The ratio is independent of $p$ if and only if $\sum_{i=1}^n x_i=\sum_{i=1}^n x_i'.$ Therefore, $T=\sum_{i=1}^n X_i$ is minimal sufficient for $p.$

The exponential family is a family of probability distributions sharing a common structure that gives them excellent properties. In particular, minimal sufficient statistics for parameters of distributions within the exponential family are trivial to obtain!

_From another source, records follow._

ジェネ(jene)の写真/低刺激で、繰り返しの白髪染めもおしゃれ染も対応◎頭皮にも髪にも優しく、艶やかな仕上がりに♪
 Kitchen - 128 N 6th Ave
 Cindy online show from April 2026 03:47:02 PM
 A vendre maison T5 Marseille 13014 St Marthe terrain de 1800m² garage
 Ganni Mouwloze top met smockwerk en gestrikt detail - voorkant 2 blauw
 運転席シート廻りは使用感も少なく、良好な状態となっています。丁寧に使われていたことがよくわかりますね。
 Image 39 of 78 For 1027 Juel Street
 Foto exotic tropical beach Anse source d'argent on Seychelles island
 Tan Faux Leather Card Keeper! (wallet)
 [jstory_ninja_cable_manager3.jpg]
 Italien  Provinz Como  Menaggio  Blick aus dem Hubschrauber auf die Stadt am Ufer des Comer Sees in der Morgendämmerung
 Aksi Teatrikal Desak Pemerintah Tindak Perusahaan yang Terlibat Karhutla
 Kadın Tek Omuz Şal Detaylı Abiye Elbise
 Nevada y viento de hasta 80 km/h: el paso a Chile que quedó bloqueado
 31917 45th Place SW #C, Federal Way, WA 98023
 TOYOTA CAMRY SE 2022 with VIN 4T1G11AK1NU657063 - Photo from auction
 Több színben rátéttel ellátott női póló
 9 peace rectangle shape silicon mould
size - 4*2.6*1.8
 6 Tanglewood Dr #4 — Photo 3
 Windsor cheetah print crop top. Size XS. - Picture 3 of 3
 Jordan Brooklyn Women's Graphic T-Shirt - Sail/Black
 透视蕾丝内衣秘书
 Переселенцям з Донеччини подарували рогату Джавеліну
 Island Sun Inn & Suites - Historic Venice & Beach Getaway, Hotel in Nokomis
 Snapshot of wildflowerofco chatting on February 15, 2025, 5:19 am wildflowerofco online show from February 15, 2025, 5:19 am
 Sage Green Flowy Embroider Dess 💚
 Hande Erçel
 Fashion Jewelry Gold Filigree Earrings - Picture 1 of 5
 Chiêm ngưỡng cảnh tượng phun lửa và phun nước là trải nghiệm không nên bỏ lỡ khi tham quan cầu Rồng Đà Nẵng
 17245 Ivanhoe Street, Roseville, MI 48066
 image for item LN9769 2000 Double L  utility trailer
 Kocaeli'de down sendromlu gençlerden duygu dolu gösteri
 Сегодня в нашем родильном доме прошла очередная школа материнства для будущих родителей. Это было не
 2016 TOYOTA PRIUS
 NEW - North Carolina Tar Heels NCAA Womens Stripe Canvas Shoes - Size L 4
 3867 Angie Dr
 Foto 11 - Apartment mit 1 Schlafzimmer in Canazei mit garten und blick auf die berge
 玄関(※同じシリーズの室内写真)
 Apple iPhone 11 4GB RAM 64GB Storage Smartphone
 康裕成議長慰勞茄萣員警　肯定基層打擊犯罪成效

Definition 3.11 (Exponential family) A rv $X$ belongs to the (univariate) exponential family with parameter $\theta$ if its pmf or pdf, denoted by $f(\cdot;\theta),$ can be expressed as

\[\begin{align} f(x;\theta)=c(\theta)h(x)\exp\{w(\theta)t(x)\}, \tag{3.6} \end{align}\]

where $c,w:\Theta\rightarrow\mathbb{R}$ and $h,t:\mathbb{R}\rightarrow\mathbb{R}.$

Example 3.25 Let us check that a rv $X\sim \mathrm{Bin}(n,\theta)$ belongs to the exponential family.

Writing the pmf of the binomial as

\[\begin{align*} p(x;\theta) &=\binom{n}{x} \theta^x (1-\theta)^{n-x}=(1-\theta)^n\binom{n}{x} \left(\frac{\theta}{1-\theta}\right)^x \\ &=(1-\theta)^n\binom{n}{x} \exp\left\{x\log\left(\frac{\theta}{1-\theta}\right)\right\} \end{align*}\]

we can see that it has the shape of the exponential family.

Example 3.26 Let us check that a rv $X\sim \Gamma(\theta,3)$ belongs to the exponential family.

Again, writing the pdf of a gamma as

\[\begin{align*} f(x;\theta)=\frac{1}{\Gamma(\theta)3^{\theta}}x^{\theta-1}e^{-x/3}=\frac{1}{\Gamma(\theta)3^{\theta}} e^{-x/3} \exp\{(\theta-1)\log x\} \end{align*}\]

it readily follows that it belongs to the exponential family.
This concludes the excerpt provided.